GIVEN RECORDS >>
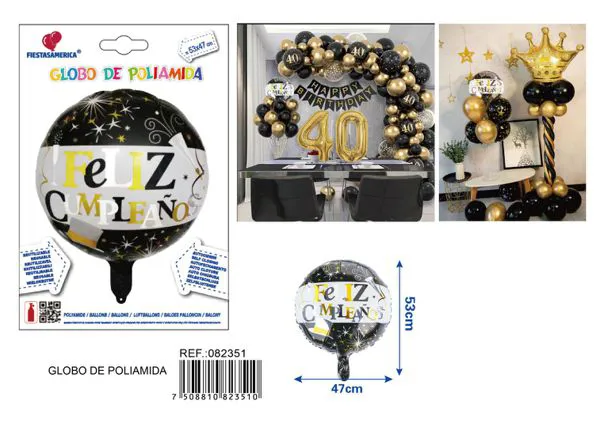 Globo metálico redondo "Feliz Cumpleaños" en español, 53x47 cm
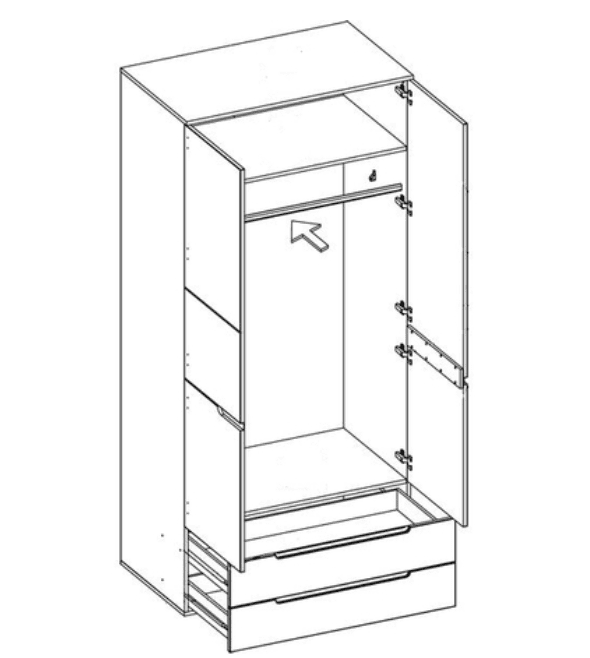 Line drawing of a tall cabinet with a door and drawer on a white background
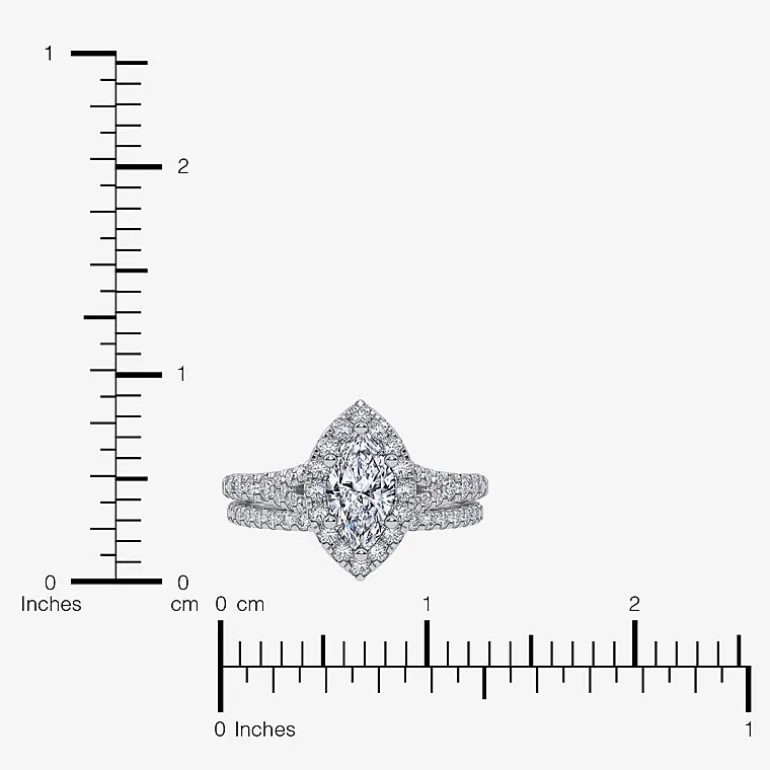 (G / Vs2-Si1) Womens 1 CT. T.W. Lab Grown White Diamond 10K Gold Marquise Side Stone Halo Bridal Set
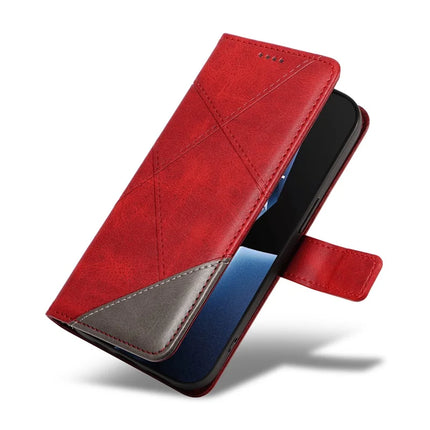 For OnePlus 13R 5G Leather Case Geometric Line Design Wallet Phone Cover with Wrist Strap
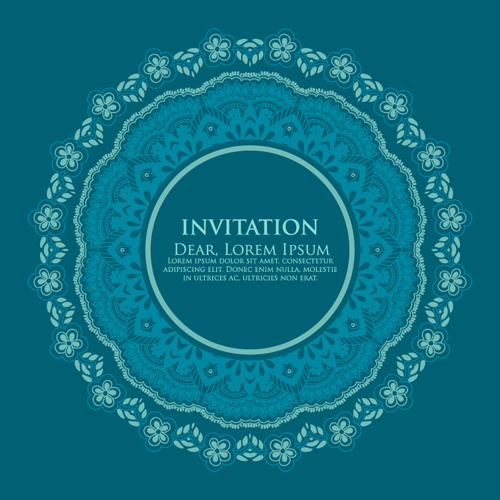 Round floral pattern invitation cards vector material 02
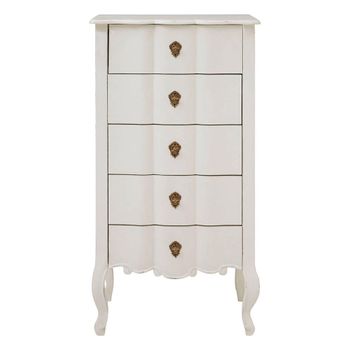Loire White 5 Drawer Wide Chest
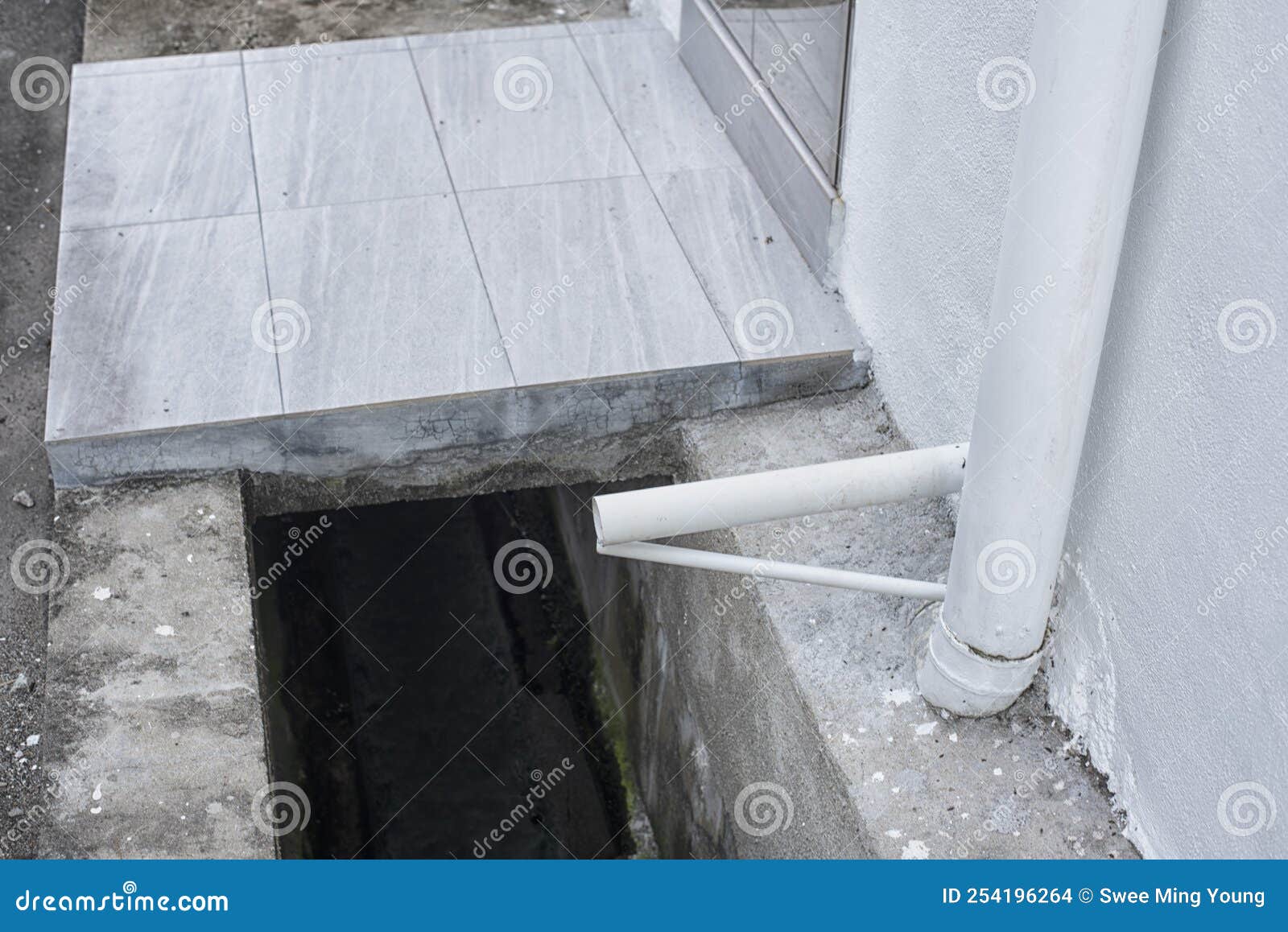 Outdoor Concrete Drainage System at the Residence Houses. Stock Photo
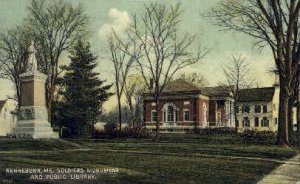 Soldiers Monument & Public Library - Kennebunk, Maine ME  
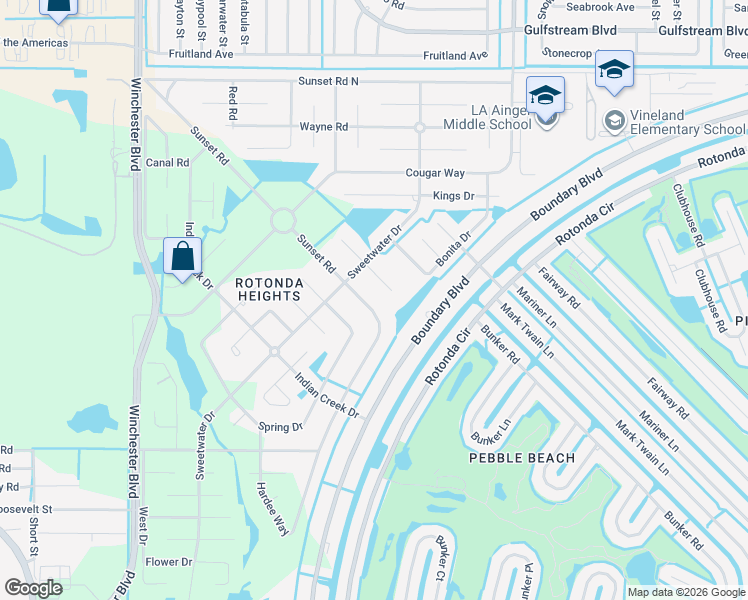 map of restaurants, bars, coffee shops, grocery stores, and more near 233 Sunset Road in Rotonda West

ASSIGNED TASK >>
Give all of the material again, exactly, apart from the pictures.

EXERCISE RESPONSE >>
 Globo metálico redondo "Feliz Cumpleaños" en español, 53x47 cm
 Line drawing of a tall cabinet with a door and drawer on a white background
 (G / Vs2-Si1) Womens 1 CT. T.W. Lab Grown White Diamond 10K Gold Marquise Side Stone Halo Bridal Set
 For OnePlus 13R 5G Leather Case Geometric Line Design Wallet Phone Cover with Wrist Strap
 Round floral pattern invitation cards vector material 02
Loire White 5 Drawer Wide Chest
 Outdoor Concrete Drainage System at the Residence Houses. Stock Photo
 Soldiers Monument & Public Library - Kennebunk, Maine ME  
 map of restaurants, bars, coffee shops, grocery stores, and more near 233 Sunset Road in Rotonda West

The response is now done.